# Skeeter July 5 thru 10 Looking for Walleyes



## atbc66 (Apr 8, 2015)

We are going to camp and fish for 4 days ( July 5 thru 10) on Mosquito Lake . Does anybody have any suggestions on methods we should fish for the walleyes during thous dates and what part of the lake we should focus on for the walleyes........i.e. depths, etc 
Any information would be appreciated....thanks.


----------



## bountyhunter (Apr 28, 2004)

sleep in the day fish the edges of weeds at night. take lot bug spray.


----------



## Karl Wolf (Apr 26, 2020)

I agree with bounty,dont even fish during the day,night time eyes can be really productive during july and August. I like to cast/troll stick baits 10-15' foot of water,just outside of picking up weeds.
Slower the better.


----------



## atbc66 (Apr 8, 2015)

bountyhunter said:


> sleep in the day fish the edges of weeds at night. take lot bug spray.


Thanks.....


----------



## jetdrivr (Sep 22, 2004)

In past years, I have had success with above techniques as well as trolling crawler harnesses on bottom bouncers in the 15'-18' range during the day. There are a ton of crappies, bluegills and perch in the lake. You will spend a lot of time weeding thru the panfish looking for walleyes with that method. Plus side...there is some decent size to a lot of them and they make a tasty shore lunch as well!


----------



## allwayzfishin (Apr 30, 2008)

Move along the deep basins at 2-3mph and look for the big marks sitting just about 4ft off bottom. Have a medium action spinning rod with 10lb mono a barrel swivel then 2ft of mono and then a small clip. Pitch a #5 or #7 Rapala jiggin rap over the side and left it hit bottom. Give it small 12” rips, and if you need to go in reverse to stay on the fish, do it. You’ll catch walleye in the hot baking sun mid day!


----------



## bigbass201 (Oct 26, 2015)

I didn't see anyone bringing in eyes at the boat ramps this morning. Some bluegill, perch, and crappie being caught from shore. The mosquito's in the area have been pretty bad once the sun goes down. Here's some local pictures around the lake this morning.

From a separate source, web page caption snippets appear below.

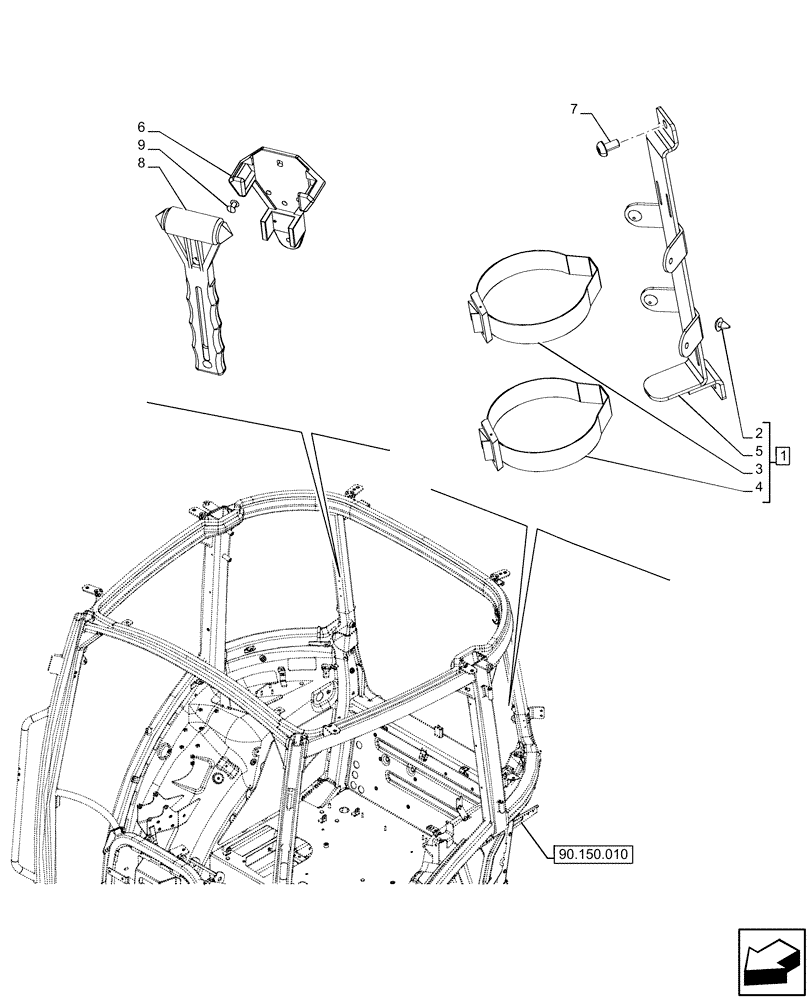 Схема запчастей Case IH FARMALL 110U - (88.100.130) - VAR - 331444, 332147, 335387, 336730, 339434, 391246 - FIRE EXTINGUISHER, HAMMER, EU (88) - ACCESSORIES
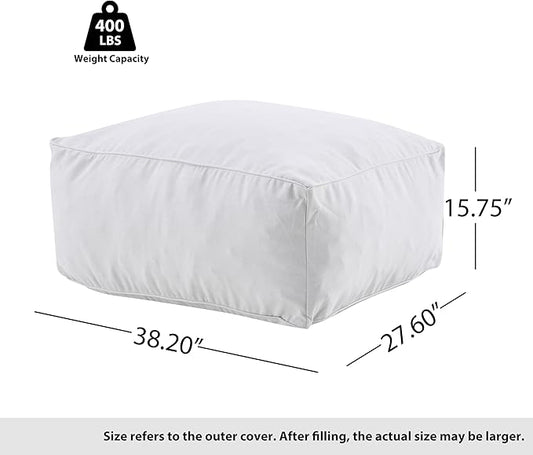 Christopher Knight Home Teriu Outdoor Bean Bag Chair with Shredded Foam, Modern Bean Bag Chairs for Adults and Kids, Indoor/Outdoor Ottoman Pouf, All Weather Lounge Chair Outdoor, Light Grey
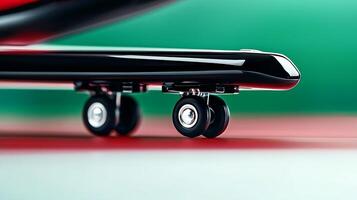 Close-up view of skateboard wheels on a vibrant red and green background with smooth surface photo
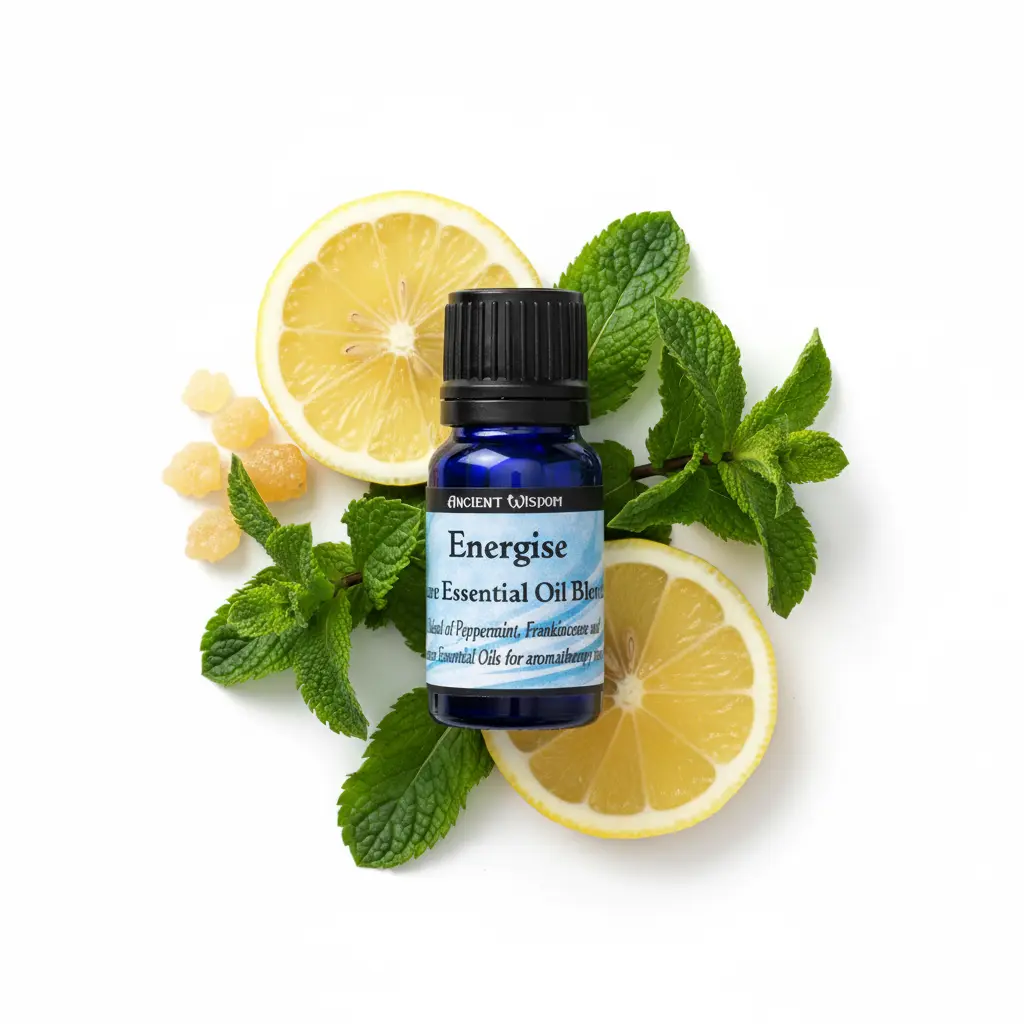 Con menta, limón e incienso - fondo blanco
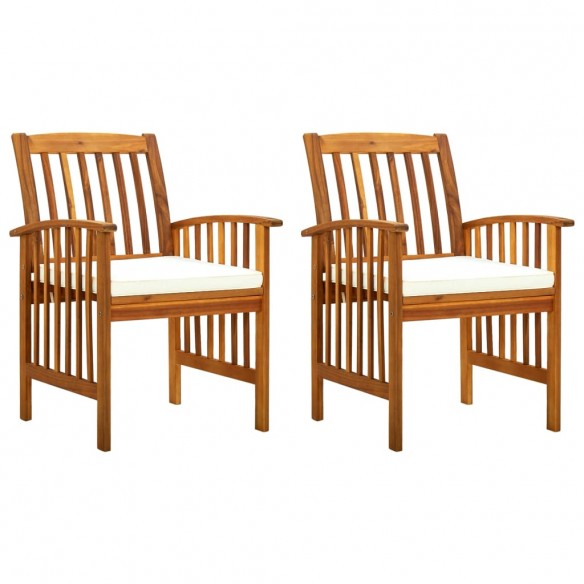 Chaises à dîner de jardin 2pcs et coussins Bois d'acacia massif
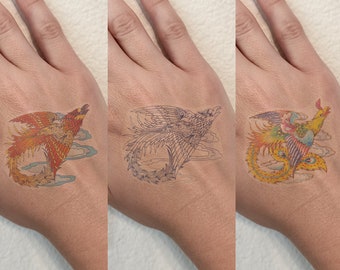 Phoenix - Henna/Tribal Temporary Tattoos (Set of 3)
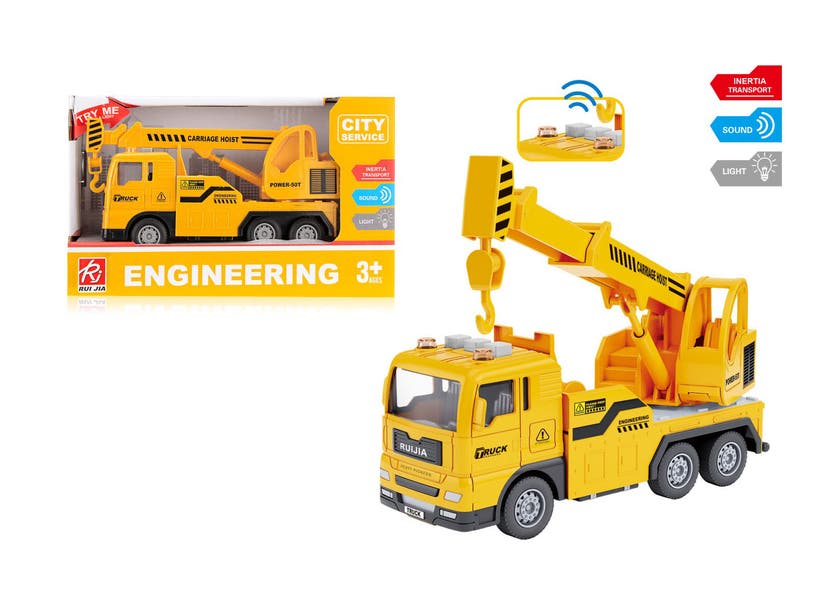 Rapid Speed - Lastbil med lyftkran 1:32 gul ljud & ljus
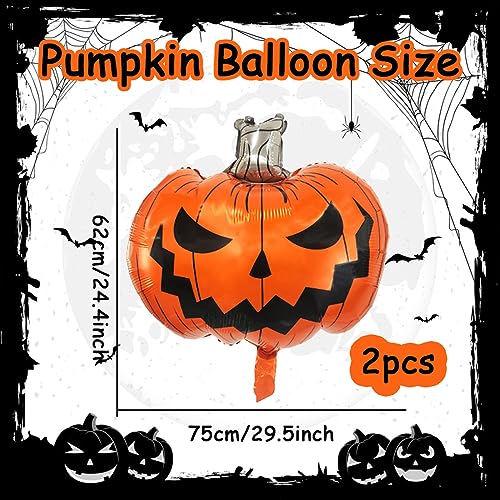 Image of Pumpkin Balloons Halloween Pumpkin Decorations 2pcs | Jumbo Scary Pumpkin Foil Balloons for Halloween Party Decorations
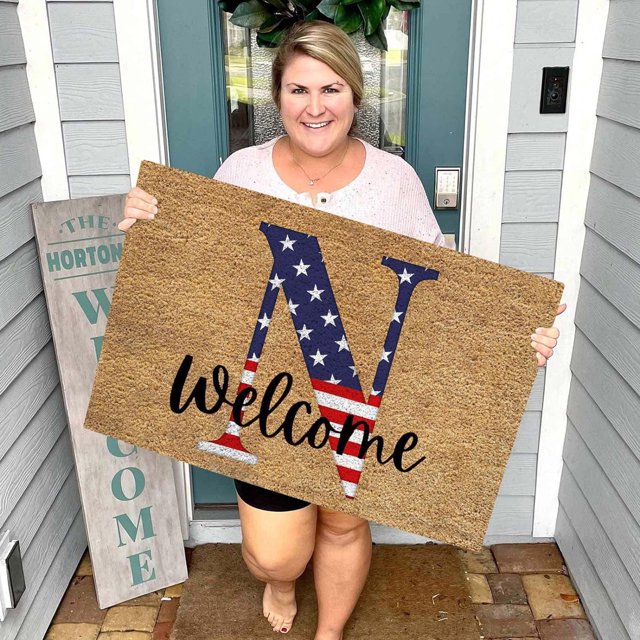 TopLLC Bathroom Rugs 4th Of July Door Mat Patriotic Doormat Entryway Rug Welcome Independence Day Doormat Stain And Fad Patriotic Decor Welcome Outdoor Mat A map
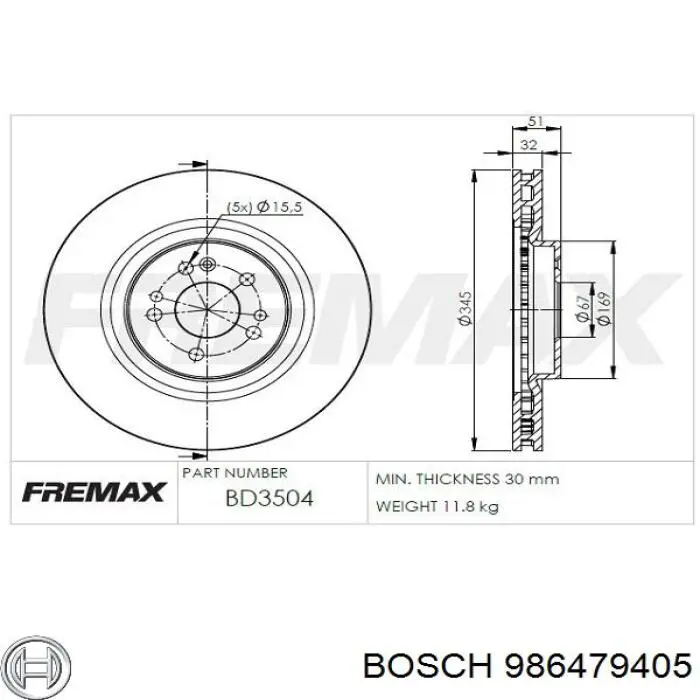 986479405 Bosch freno de disco delantero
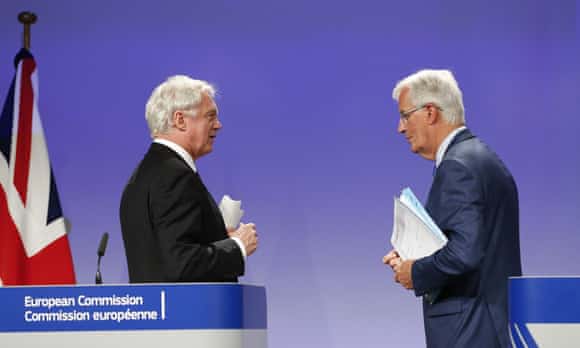 David Davis (left) and Michel Barnier
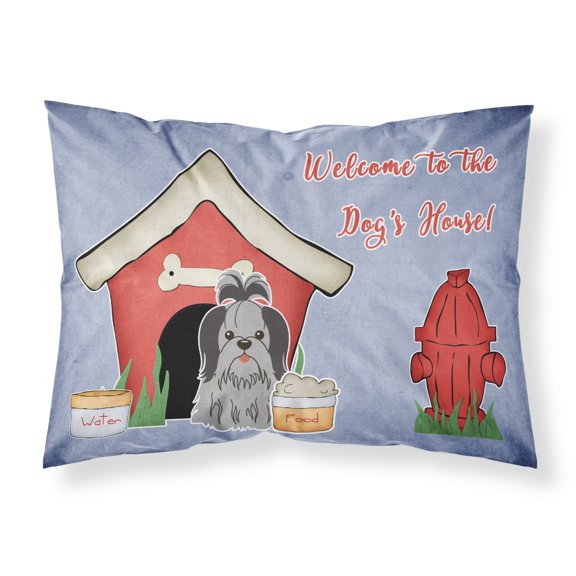 Dog House Collection Shih Tzu Black Silver Fabric Standard Pillowcase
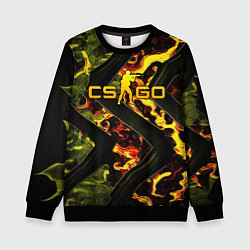 Детский свитшот CS GO green and fire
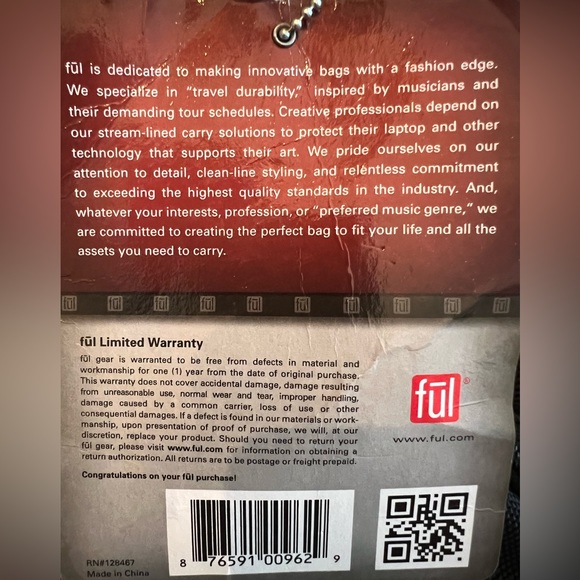 fūl Beale Street backpack that fits most laptops up to 15.4" - Picture 6 of 6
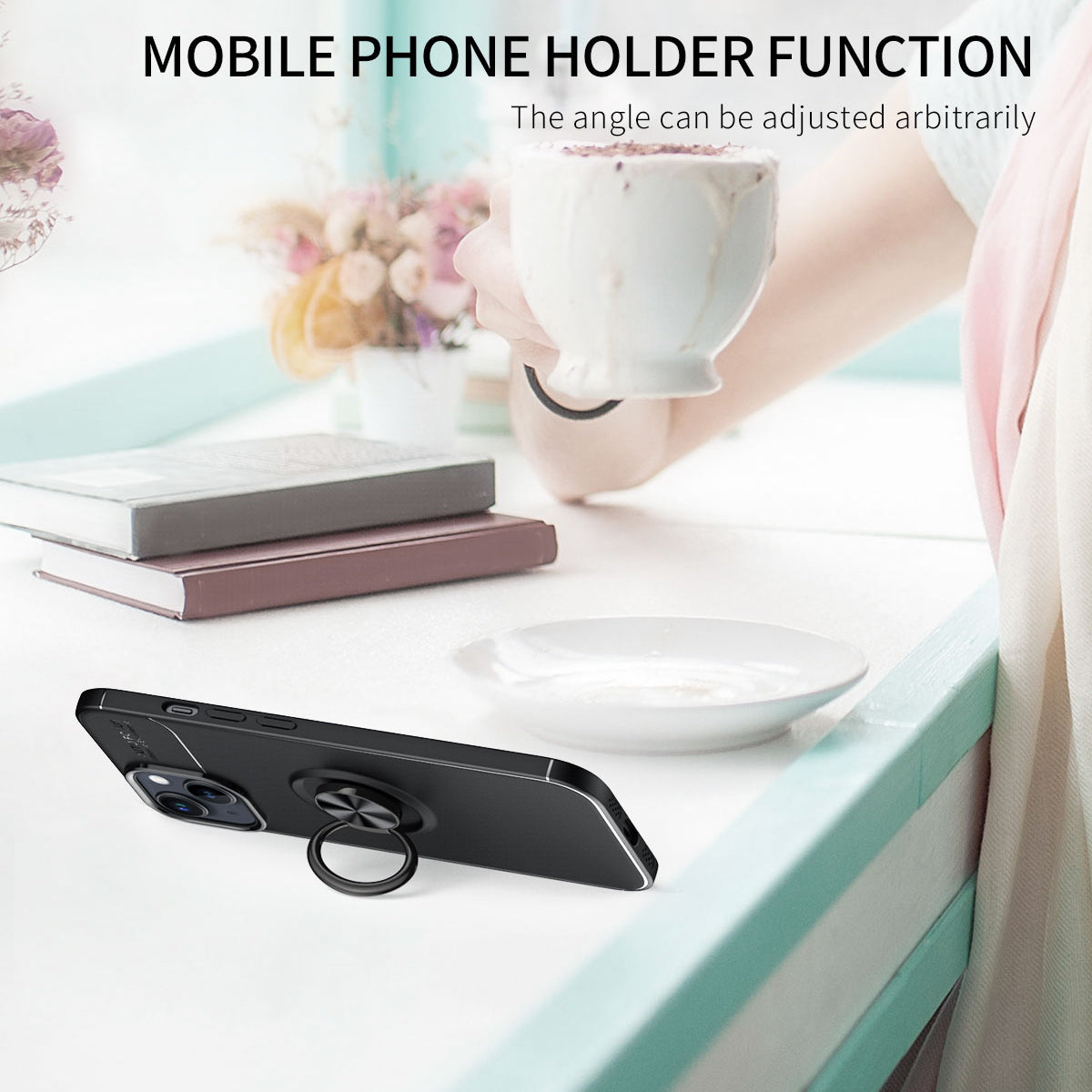 TPU Phone Case for iPhone 15 , Ring Holder Kickstand Anti-scratch Phone Back Cover - Black / Rose Gold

https://www.tapatalk.com/groups/fishtalkfishingreports/mosquito-creek-fishing-report-t13761.html


----------



## atbc66 (Apr 8, 2015)

jetdrivr said:


> In past years, I have had success with above techniques as well as trolling crawler harnesses on bottom bouncers in the 15'-18' range during the day. There are a ton of crappies, bluegills and perch in the lake. You will spend a lot of time weeding thru the panfish looking for walleyes with that method. Plus side...there is some decent size to a lot of them and they make a tasty shore lunch as well!





bigbass201 said:


> I didn't see anyone bringing in eyes at the boat ramps this morning. Some bluegill, perch, and crappie being caught from shore. The mosquito's in the area have been pretty bad once the sun goes down. Here's some local pictures around the lake this morning.
> 
> https://www.tapatalk.com/groups/fishtalkfishingreports/mosquito-creek-fishing-report-t13761.html





jetdrivr said:


> In past years, I have had success with above techniques as well as trolling crawler harnesses on bottom bouncers in the 15'-18' range during the day. There are a ton of crappies, bluegills and perch in the lake. You will spend a lot of time weeding thru the panfish looking for walleyes with that method. Plus side...there is some decent size to a lot of them and they make a tasty shore lunch as well!


----------



## atbc66 (Apr 8, 2015)

Thanks....


----------



## c. j. stone (Sep 24, 2006)

One of those days take a fairly short, side, road trip east to West Branch. I hear if you fish for musky, you're likely to spank the walleyes there!!


----------



## tim sapara (Apr 6, 2019)

c. j. stone said:


> One of those days take a fairly short, side, road trip east to West Branch. I hear if you fish for musky, you're likely to spank the walleyes there!!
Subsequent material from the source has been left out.